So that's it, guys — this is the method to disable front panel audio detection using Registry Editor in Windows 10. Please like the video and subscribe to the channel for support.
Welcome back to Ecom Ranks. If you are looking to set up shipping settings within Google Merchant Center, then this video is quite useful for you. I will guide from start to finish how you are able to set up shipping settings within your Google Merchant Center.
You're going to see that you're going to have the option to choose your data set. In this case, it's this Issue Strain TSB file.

§

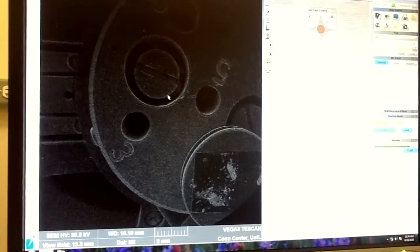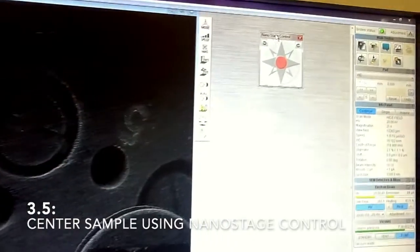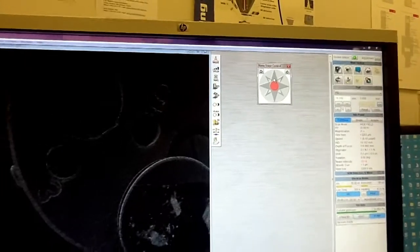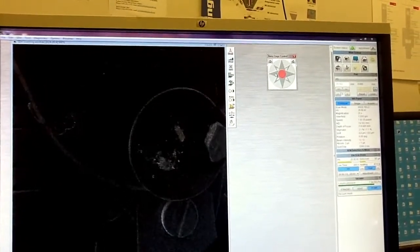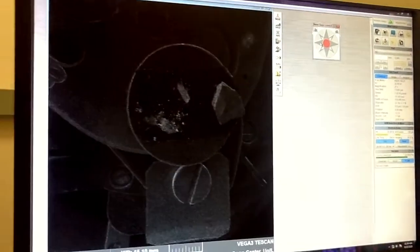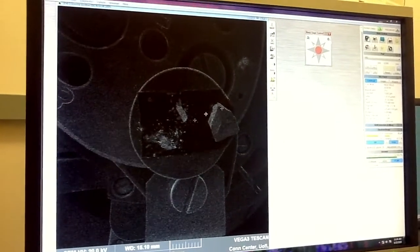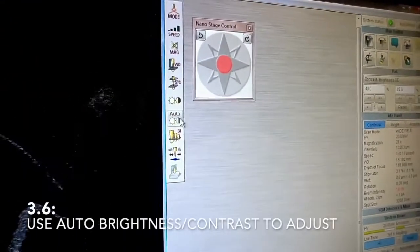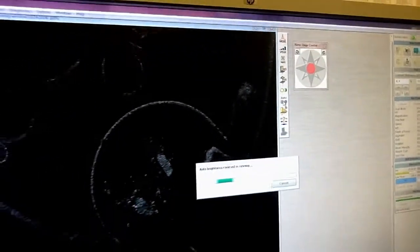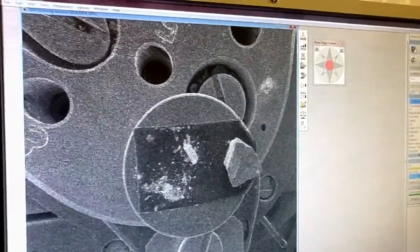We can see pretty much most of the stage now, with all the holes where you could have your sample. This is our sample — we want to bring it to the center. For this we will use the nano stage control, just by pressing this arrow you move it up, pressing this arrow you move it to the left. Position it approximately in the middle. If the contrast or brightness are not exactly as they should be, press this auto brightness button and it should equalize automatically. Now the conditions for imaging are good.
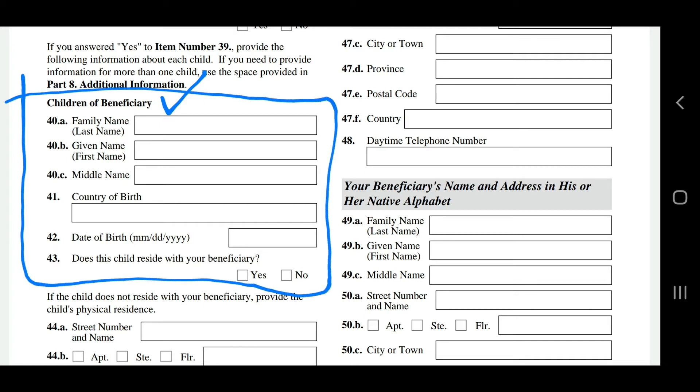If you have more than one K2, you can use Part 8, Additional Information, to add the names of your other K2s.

§

Instructions for the task
Among the lines of the data above, find those with the word "that" and show them.

Exercise answer
So that's it, guys — this is the method to disable front panel audio detection using Registry Editor in Windows 10. Please like the video and subscribe to the channel for support.
You're going to see that you're going to have the option to choose your data set. In this case, it's this Issue Strain TSB file.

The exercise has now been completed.